22 The Israelites said to Gideon, "Rule over us-you, your son and your grandson-because you have saved us from the hand of Midian." 23 But Gideon told them, "I will not rule over you, nor will my son rule over you. The Lord will rule over you." 24 And he said, "I do have one request, that each of you give me an earring from your share of the plunder." (It was the custom of the Ishmaelites to wear gold earrings.) 25 They answered, "We'll be glad to give them." So they spread out a garment, and each of them threw a ring from his plunder onto it. 26 The weight of the gold rings he asked for came to seventeen hundred shekels,[1] not counting the ornaments, the pendants and the purple garments worn by the kings of Midian or the chains that were on their camels' necks. 27 Gideon made the gold into an ephod, which he placed in Ophrah, his town. All Israel prostituted themselves by worshiping it there, and it became a snare to Gideon and his family.

Matthew Henry's Commentary on Judges 8:10-27

Commentary on Judges 8:4-12

(Read Judges 8:4-12)

Gideon's men were faint, yet pursuing; fatigued with what they had done, yet eager to do more against their enemies. It is many a time the true Christian's case, fainting, and yet pursuing. The world knows but little of the persevering and successful struggle the real believer maintains with his sinful heart. But he betakes himself to that Divine strength, in the faith of which he began his conflict, and by the supply of which alone he can finish it in triumph.

Commentary on Judges 8:13-17

(Read Judges 8:13-17)

The active servants of the Lord meet with more dangerous opposition from false professors than from open enemies; but they must not care for the behaviour of those who are Israelites in name, but Midianites in heart. They must pursue the enemies of their souls, and of the cause of God, though they are ready to faint through inward conflicts and outward hardships. And they shall be enabled to persevere. The less men help, and the more they seek to hinder, the more will the Lord assist. Gideon's warning being slighted, the punishment was just. Many are taught with the briers and thorns of affliction, who would not learn otherwise.

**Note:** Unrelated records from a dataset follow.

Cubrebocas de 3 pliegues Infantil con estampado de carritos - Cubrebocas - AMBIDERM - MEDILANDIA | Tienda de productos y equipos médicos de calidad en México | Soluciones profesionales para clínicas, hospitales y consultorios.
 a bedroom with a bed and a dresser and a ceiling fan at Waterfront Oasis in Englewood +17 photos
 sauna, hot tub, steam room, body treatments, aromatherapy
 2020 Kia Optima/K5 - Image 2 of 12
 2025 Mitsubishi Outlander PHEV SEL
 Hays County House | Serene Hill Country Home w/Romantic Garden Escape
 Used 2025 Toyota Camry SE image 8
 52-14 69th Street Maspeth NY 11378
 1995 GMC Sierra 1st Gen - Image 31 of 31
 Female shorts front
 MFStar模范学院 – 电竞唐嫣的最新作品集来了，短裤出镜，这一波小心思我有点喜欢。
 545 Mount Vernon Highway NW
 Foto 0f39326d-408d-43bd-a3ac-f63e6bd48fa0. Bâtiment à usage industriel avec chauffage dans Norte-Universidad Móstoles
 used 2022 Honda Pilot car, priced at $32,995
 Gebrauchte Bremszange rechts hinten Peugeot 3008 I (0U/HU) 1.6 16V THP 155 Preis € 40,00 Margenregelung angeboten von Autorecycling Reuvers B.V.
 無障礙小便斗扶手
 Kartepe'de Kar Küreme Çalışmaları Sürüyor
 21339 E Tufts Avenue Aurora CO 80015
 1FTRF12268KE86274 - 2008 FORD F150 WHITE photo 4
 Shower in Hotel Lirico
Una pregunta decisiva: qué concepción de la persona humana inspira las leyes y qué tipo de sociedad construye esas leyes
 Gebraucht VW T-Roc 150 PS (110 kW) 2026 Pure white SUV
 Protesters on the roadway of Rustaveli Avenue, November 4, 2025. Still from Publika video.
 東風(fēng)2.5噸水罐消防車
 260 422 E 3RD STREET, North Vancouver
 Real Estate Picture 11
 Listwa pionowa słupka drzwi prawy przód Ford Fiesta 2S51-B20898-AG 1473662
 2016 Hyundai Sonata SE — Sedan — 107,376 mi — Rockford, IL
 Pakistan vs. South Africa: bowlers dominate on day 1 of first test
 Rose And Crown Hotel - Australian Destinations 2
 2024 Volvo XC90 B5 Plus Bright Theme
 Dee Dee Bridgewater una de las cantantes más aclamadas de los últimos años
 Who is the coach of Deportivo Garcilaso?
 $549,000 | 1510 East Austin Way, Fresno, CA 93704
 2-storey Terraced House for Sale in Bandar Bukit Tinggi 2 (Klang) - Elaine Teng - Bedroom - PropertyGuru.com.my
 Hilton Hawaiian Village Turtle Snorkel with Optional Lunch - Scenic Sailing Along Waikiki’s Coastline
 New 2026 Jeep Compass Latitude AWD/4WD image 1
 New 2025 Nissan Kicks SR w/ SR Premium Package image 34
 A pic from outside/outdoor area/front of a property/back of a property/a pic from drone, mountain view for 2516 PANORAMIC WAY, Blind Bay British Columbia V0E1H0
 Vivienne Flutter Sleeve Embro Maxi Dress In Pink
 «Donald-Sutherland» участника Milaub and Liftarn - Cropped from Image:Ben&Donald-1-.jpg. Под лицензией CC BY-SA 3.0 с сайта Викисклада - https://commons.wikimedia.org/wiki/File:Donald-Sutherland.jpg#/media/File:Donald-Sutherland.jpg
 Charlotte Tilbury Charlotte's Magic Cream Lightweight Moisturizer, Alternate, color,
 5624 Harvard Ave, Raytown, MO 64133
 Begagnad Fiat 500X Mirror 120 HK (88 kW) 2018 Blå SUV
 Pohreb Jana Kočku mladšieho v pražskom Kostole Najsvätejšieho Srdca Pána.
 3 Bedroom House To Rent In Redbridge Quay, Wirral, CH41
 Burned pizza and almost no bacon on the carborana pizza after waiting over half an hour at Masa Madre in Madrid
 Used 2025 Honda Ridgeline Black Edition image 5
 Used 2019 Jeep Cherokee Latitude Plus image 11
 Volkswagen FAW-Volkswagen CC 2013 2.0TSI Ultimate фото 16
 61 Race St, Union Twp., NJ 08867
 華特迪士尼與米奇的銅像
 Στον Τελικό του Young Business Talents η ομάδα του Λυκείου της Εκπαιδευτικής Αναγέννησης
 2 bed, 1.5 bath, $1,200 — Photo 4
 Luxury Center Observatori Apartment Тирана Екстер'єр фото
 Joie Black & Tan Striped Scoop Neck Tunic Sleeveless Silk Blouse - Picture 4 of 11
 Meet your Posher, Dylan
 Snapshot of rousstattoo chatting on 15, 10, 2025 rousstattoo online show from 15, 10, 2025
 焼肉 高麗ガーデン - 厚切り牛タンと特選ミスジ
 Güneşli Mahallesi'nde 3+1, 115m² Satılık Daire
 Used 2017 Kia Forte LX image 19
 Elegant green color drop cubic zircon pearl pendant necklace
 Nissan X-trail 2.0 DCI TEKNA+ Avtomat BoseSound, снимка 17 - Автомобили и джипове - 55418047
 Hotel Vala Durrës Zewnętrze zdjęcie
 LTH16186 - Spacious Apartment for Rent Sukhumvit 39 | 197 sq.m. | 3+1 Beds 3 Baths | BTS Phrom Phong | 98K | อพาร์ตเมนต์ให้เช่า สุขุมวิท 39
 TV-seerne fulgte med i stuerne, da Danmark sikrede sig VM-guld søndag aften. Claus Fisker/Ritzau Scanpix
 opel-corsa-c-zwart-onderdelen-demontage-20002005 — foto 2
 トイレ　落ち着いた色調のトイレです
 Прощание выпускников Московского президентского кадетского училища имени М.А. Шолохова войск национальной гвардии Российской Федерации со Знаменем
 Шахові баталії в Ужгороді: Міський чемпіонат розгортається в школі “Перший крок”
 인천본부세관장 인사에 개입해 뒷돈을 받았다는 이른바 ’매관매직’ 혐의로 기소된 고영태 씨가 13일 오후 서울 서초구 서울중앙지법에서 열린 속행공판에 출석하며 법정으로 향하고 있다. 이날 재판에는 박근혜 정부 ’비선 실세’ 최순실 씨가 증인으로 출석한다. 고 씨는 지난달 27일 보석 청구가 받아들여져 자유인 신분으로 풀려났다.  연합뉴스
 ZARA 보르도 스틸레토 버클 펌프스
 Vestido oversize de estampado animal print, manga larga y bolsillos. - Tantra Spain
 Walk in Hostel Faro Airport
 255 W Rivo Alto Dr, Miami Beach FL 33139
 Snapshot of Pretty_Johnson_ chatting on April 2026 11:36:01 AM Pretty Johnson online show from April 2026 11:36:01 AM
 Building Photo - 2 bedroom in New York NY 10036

Commentary on Judges 8:18-21

(Read Judges 8:18-21)

The kings of Midian must be reckoned with. As they confessed themselves guilty of murder, Gideon acted as the avenger of blood, being the next of kin to the persons slain. Little did they think to have heard of this so long after; but murder seldom goes unpunished in this life. Sins long forgotten by man, must be accounted for to God. What poor consolation in death from the hope of suffering less pain, and of dying with less disgrace than some others! yet many are more anxious on these accounts, than concerning the future judgment, and what will follow.

Commentary on Judges 8:22-28

(Read Judges 8:22-28)

Gideon refused the government the people offered him. No good man can be pleased with any honour done to himself, which belongs only to God. Gideon thought to keep up the remembrance of this victory by an ephod, made of the choicest of the spoils. But probably this ephod had, as usual, a teraphim annexed to it, and Gideon intended this for an oracle to be consulted. Many are led into false ways by one false step of a good man. It became a snare to Gideon himself, and it proved the ruin of the family. How soon will ornaments which feed the lust of the eye, and form the pride of life, as well as tend to the indulgences of the flesh, bring shame on those who are fond of them!